Part Number: SN3257-Q1
Other Parts Discussed in Thread: TMUX1574

Hi Experts,

Good day.

We intend to use SN3257-Q1 for our signals. Our application has skew requirement between the signals. When I check the datasheet of this switch, there is only NOM value for inter-channel skew. I wonder what is the MAX of the inter-channel skew for TSSSOP and SOT-23. Also, we use multiple switch, and I want to ask what is the device-to-device skew.


Joselito Go
Texas Instruments Customer Support

  • Hey Joselito,

    We don't have that spec'ed definitely so I can't give you a guarantee value but I can provide some of our characterization data on a small number of units. At 25C I'm seeing a delta of about 6ps.

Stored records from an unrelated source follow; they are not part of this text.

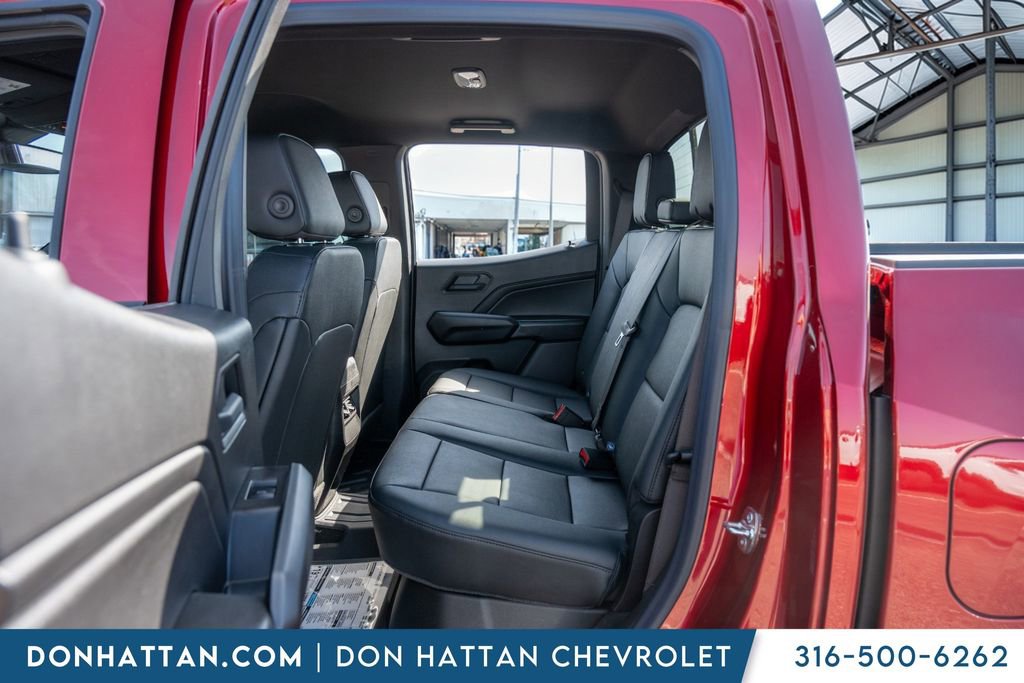 New 2026 Chevrolet Colorado Trail Boss image 19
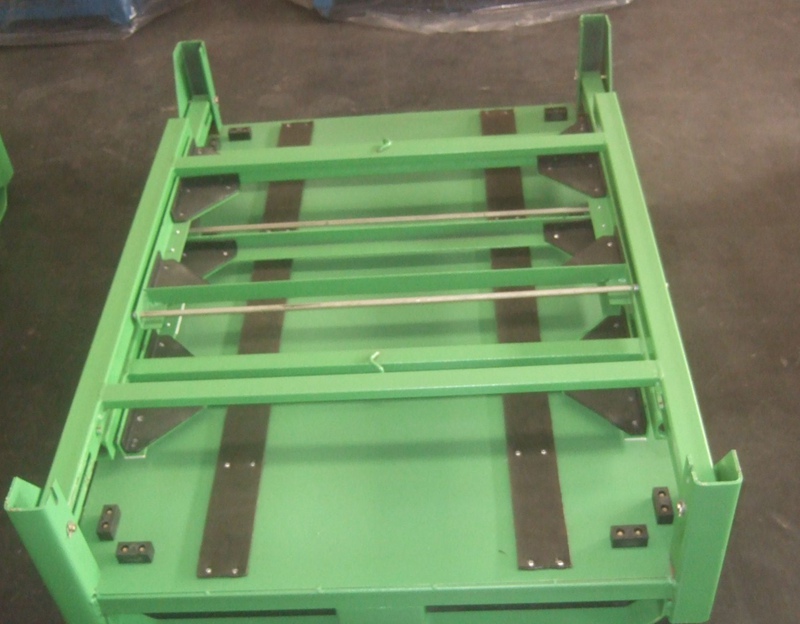 19.缸體料架 19.缸體料架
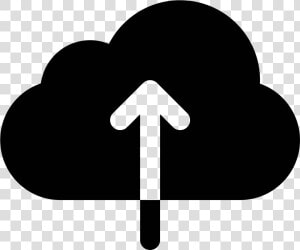 Upload To Cloud Icon  HD Png Download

So +/-3ps. 

    In general the skew won't vary much at all. It's really the delta in propagation delay, which is a product of the variation in RON and CON. RON for this device is super low. The delta across is <1ohm. The delta RON from char data at 25C looks to be even tighter;  closer to <0.1ps.
    I looked at our characterization data for CON and saw that the worst case delta CON was about 16pF (single outlier made this value higher than it typically would be but we'll still use this value). 
    So if we just use the 16pF delta worst case and we can use the 0.8ps max from the datasheet (even though you'll likely be looking at more around 0.1ps) we'd expect a delta the propagation delay (skew) to be at around 0.7 RC since we measure propagation delay at the 50% mark. So this would give us a skew of around 9ps. That would be absolute max if we used the datasheet max. If we use the 0.1ps that I'm seeing from characterization data, keeping in mind that this isn't guaranteed data since the sample size would be too small, we would expect closer to 1-1.5psecond. 

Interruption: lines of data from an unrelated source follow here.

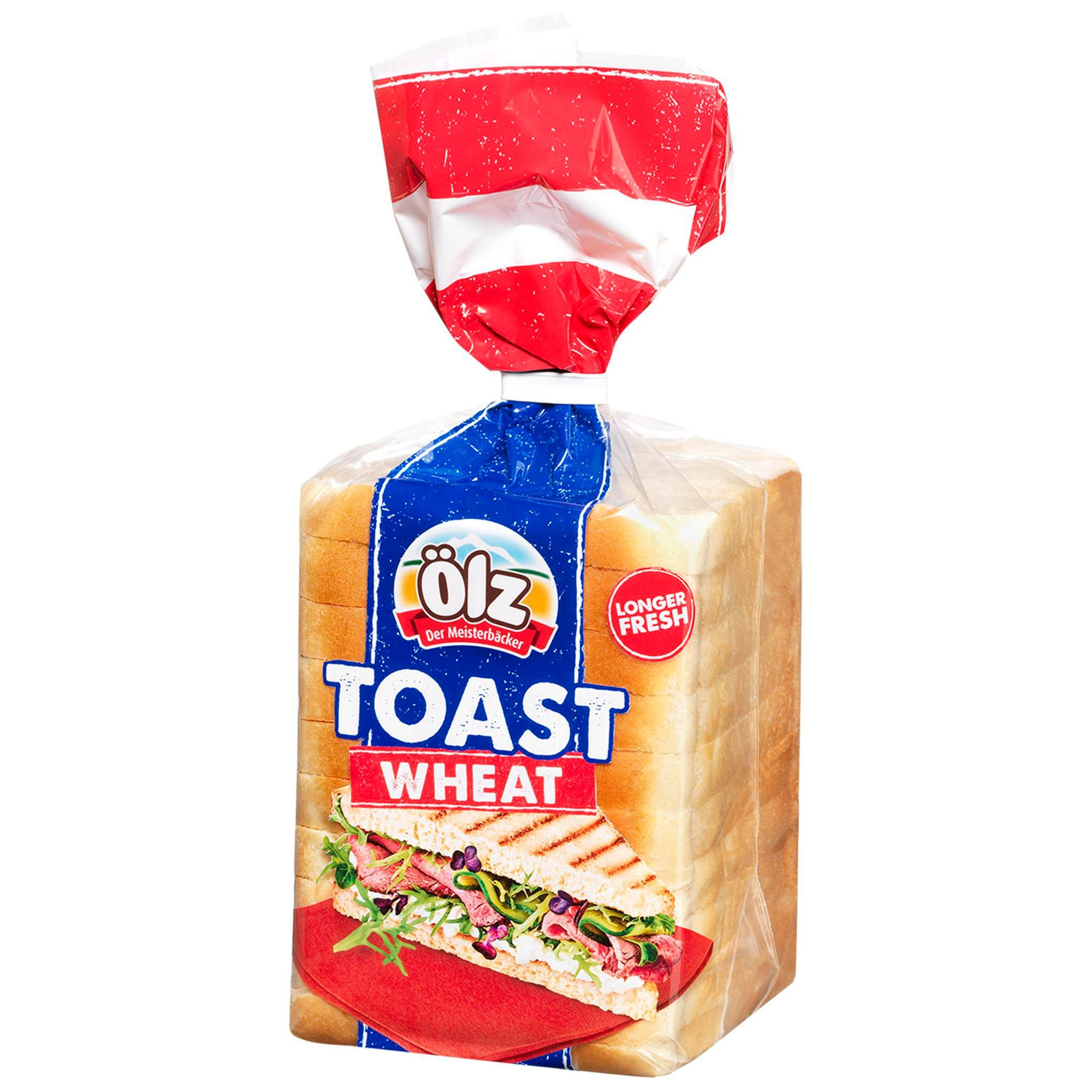 Pekárna a cukrárna - Ölz Toast světlý 250g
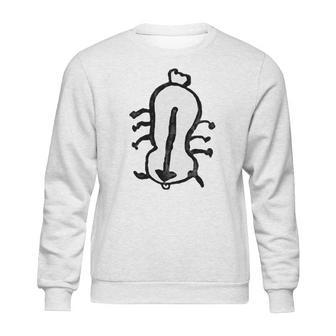 Avatar The Last Airbender Sokkas Drawing Appa Sweatshirt | Favorety DE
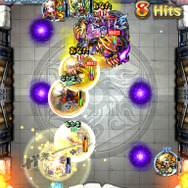 【JAEPO2015】AC版『モンスターストライク』プレイレポ！新要素となる対戦モードをチェック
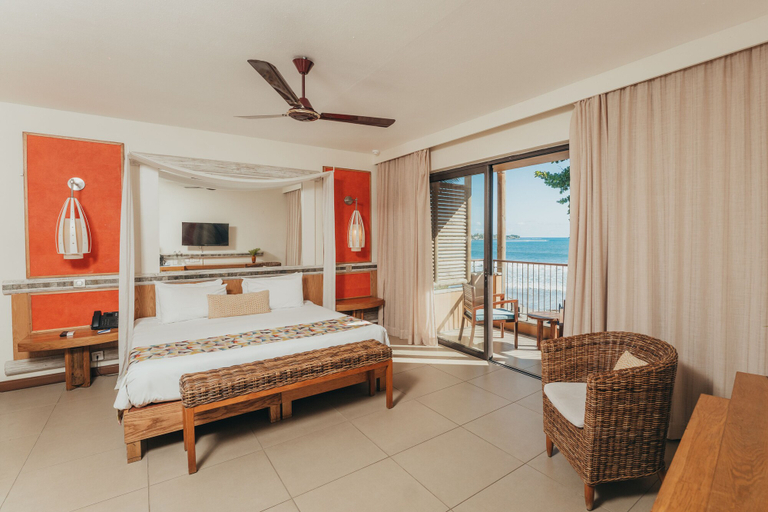 Bedroom 3, Tamarina Golf & Spa Boutique Hotel, Black River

    I will note that the above was the DYY package. The PW package had a much tighter CON and RON so I would expect the skew to be even less.


  • Thanks for the reply. There are some numbers that is a bit confusing. Let me try to double check. So from the datasheet, I can see for DYY: inter-channel skew 10ps, propagation delay 78ps, for PW: 18ps and 95ps accordingly. All NOM. 1. seems PW has wider spread and higher values than DYY, which conflicts with what you said. 2. the propagation delay numbers are also much higher. From the datasheet, I only find the Ron 2(NOM)-5(MAX), Con 8pF (NOM), but cannot see the Con MAX. do you have another datasheet than what I have (revised in October 2022)?. 3. It is fine that you have only small sample units, some general rough estimation is good enough for us. You mentioned +/-3pF, is that the skew between different units? So if we say the expected skew between channels within and among different channels, that's going to be 10ps (Tsk)+3ps = 13ps? 4. I thought the propogation delay between difference channels are the contributor of skew. Am I correct?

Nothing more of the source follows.